Source information:

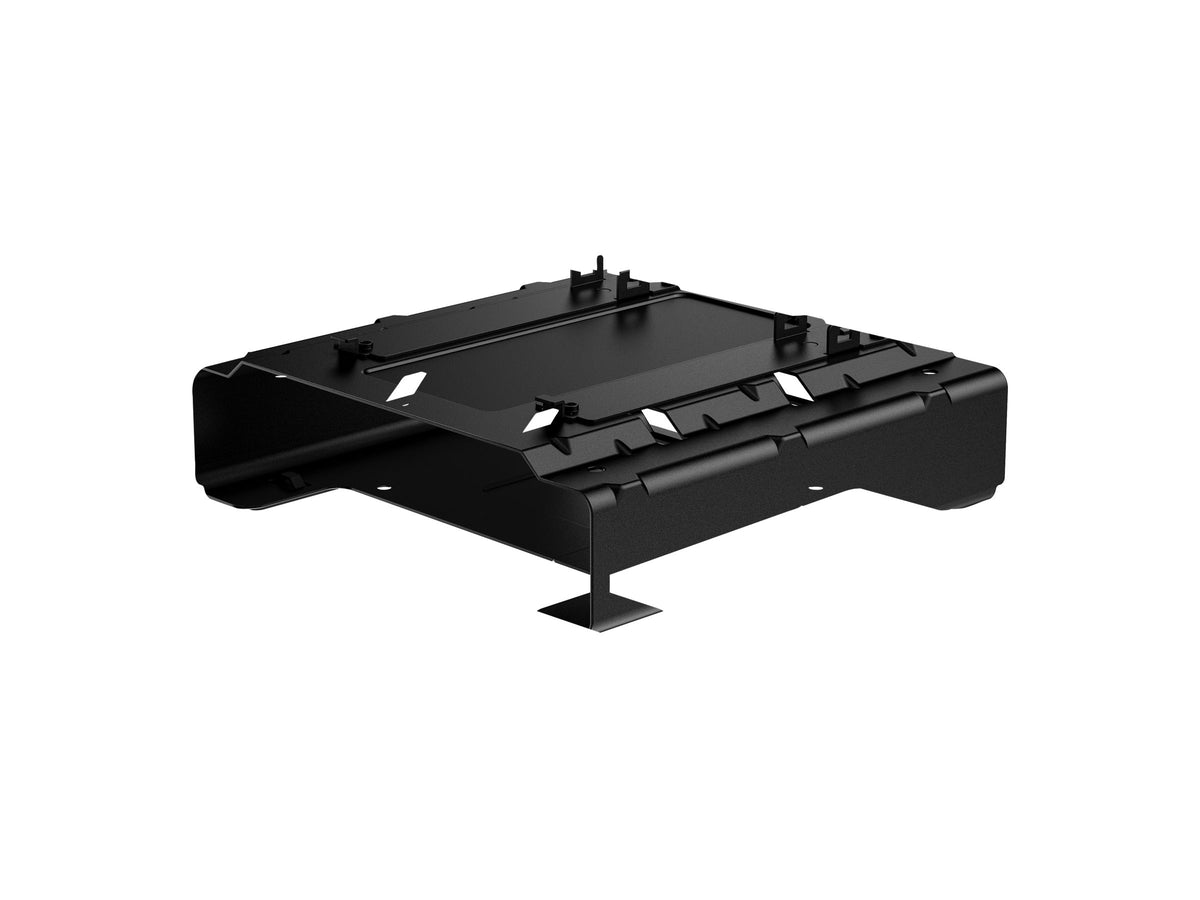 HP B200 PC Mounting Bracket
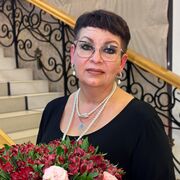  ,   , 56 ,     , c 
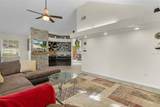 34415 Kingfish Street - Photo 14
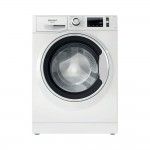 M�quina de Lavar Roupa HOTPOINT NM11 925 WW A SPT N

==

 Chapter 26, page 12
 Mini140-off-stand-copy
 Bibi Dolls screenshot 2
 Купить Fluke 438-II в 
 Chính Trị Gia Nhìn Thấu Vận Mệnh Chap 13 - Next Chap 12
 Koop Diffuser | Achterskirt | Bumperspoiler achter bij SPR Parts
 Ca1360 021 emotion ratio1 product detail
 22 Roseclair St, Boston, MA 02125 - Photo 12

Activity: Pictures are to be left out. Write out only the lines above starting at the one with "HP B200 PC Mounting Bracket" and ending at the one with "M�quina de Lavar", both lines included, exactly.

Answer below:
 HP B200 PC Mounting Bracket
  ,   , 56 ,     , c 
 34415 Kingfish Street - Photo 14
 M�quina de Lavar Roupa HOTPOINT NM11 925 WW A SPT N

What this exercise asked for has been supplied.